Wrong. This is about digital advertising:
The retail giant is in talks to buy smart television-manufacturer Vizio for more than $2 billion, according to people familiar with the situation. The move would give Walmart more places where it can sell ads and pitch shoppers on goods. … Walmart gets most of its U.S. revenue from its grocery business, which typically has low profit margins. Executives see the Walmart Connect ad unit as a path to heftier profits and a way to generate cash beyond the company’s longtime engine of selling goods through stores.
That Walmart, the supreme American retailer, is now being described as a company trying to move “beyond” its “longtime engine of selling goods through stores” is, in addition to being sort of funny, representative of a real trend. In recent years, e-commerce platforms, chief among them Amazon, have developed massive, high-margin side businesses in digital advertising. (Amazon is now the third-largest digital advertising business after Google and Meta.) It’s an obvious move from the perspective of a tech company: Amazon is a store that sells lots of stuff to lots of people; Amazon is also a website and app visited by hundreds of millions of potential shoppers who are already used to seeing ads all the time and will probably tolerate a few more. From the customer’s point of view, it’s not ideal. From Amazon’s, this is basically free money, and they’re not alone in seeing things that way. Uber and Lyft are trying to turn their “audiences” — people trying to catch a ride or currently in the process of riding — into ad businesses; Instacart, which is also in the low-margin grocery business, is leaning on its ad platform for profitability. If every tech company is thinking about becoming an advertising company, and every other company is trying to reinvent itself as a “tech” company, well, that’s how you end up with “Kroger Precision Marketing.” Or with Walmart buying a TV company in service of expanding its digital-advertising inventory.
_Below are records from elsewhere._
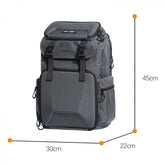 Camera Backpack Bag with Laptop Compartment 15.6" for DSLR/SLR Mirrorless Camera Waterproof, Camera Case Compatible for Sony Canon Nikon Camera and Lens Tripod Accessories
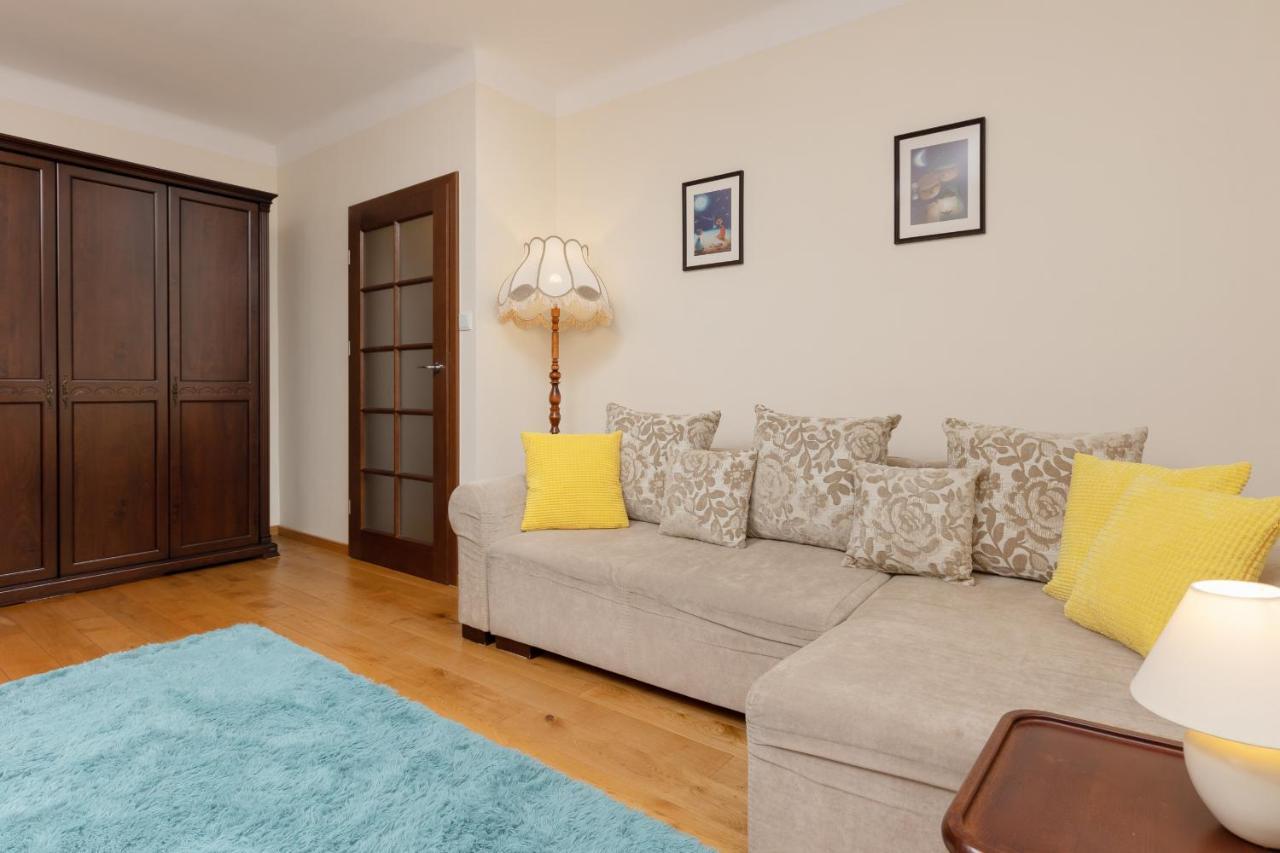 Metro Raclawicka Cozy Studio Apartment By Noclegi Renters Warschau Exterior foto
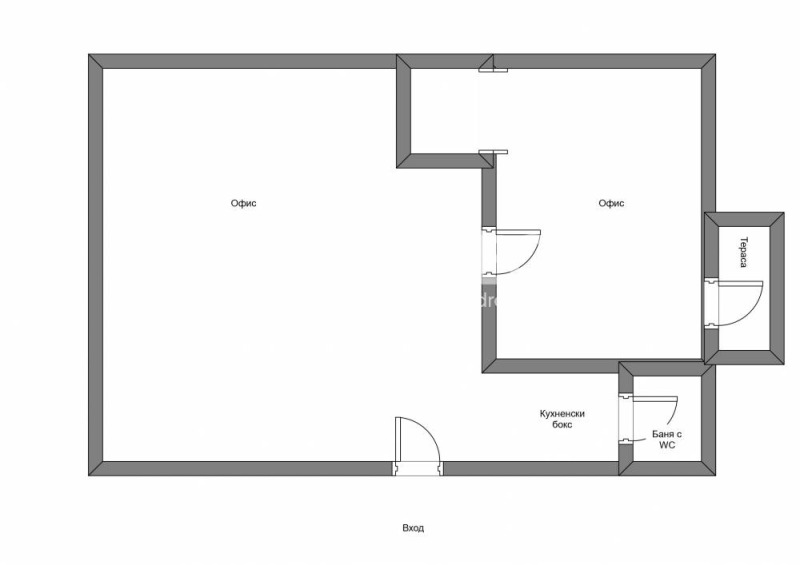 Myytävänä  1 makuuhuone Sofia , Tsentar , 59 neliömetriä | 50104213 - kuva [3]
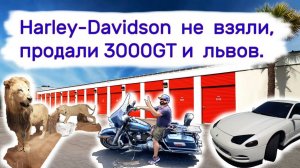 АУКЦИОН КОНТЕЙНЕРОВ В США - Harley-Davidson не взяли, продали 3000GT и львов. Выпуск 185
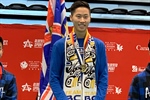 Li earns Badminton Male Singles Gold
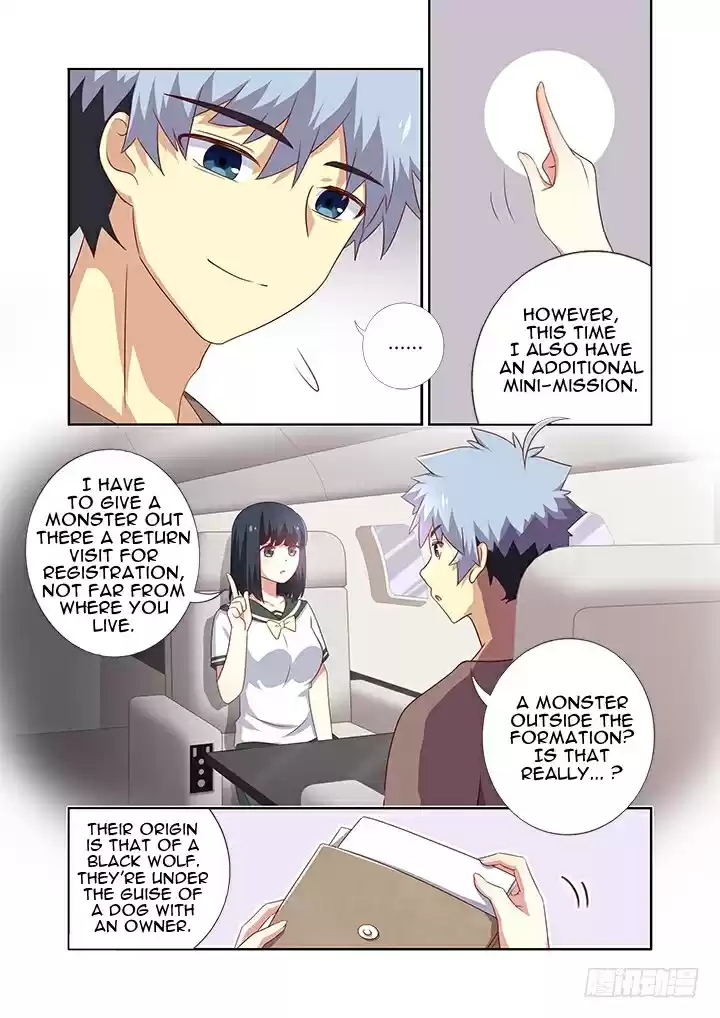 Yaoguai Mingdan Ch. 381 Going Home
Vizio, for its part, has its own interesting history with drifting business models, having become so reliant on software licensing and advertising deals that it’s not really sufficient to describe it as a TV company anymore. In 2021, the company, which made its name selling cheap but decent flat screens, announced that it had started making most of its money from advertising, including “ad placements on its TV home screens, deals for the buttons on remotes, ads that run on streaming channels … and viewer data that it tracks and sells,” according to The Verge. By then, selling TVs at cost and making money on “post-purchase” monetization was becoming common industry practice.
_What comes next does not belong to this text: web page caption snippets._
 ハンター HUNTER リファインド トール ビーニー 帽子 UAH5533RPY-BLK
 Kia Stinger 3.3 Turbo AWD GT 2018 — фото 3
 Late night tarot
Roku, for example, which rose to prominence selling smart TV boxes and streaming sticks, described a similar transformation into an advertising firm with a hardware business back in 2018. This is one reason TVs are so cheap now. It’s also why they’re bloated with slow software, ads, and tracking that records your viewing habits down to the second.
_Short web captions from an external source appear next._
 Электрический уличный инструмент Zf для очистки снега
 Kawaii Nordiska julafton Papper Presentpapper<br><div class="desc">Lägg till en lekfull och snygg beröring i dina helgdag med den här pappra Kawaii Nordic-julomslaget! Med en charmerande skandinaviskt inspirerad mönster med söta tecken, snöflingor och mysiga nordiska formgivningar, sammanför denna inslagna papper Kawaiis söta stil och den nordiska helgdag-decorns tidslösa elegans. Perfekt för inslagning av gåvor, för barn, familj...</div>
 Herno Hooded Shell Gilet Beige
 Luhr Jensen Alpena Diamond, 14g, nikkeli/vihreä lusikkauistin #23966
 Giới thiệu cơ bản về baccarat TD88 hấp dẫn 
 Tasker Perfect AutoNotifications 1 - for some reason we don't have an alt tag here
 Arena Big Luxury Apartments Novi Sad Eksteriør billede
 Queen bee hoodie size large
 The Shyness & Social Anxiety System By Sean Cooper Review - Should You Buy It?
In its last quarterly earnings, Vizio reported losing about $3 million dollars selling hardware, which accounts for the large majority of its revenue. It also reported making almost $100 million on “Platform+” — basically, profits extracted, via ads, data, and software agreements, from the tens of millions of people who already have Vizio TVs. Walmart’s advertising business, which is currently split between ads on its ecommerce platform and in-store advertising, was last reported to be generating $2.7 billion dollars a year, a number that has almost certainly increased since 2022. In other words, it’s a match made in anything-but-retail heaven. It beats selling bananas.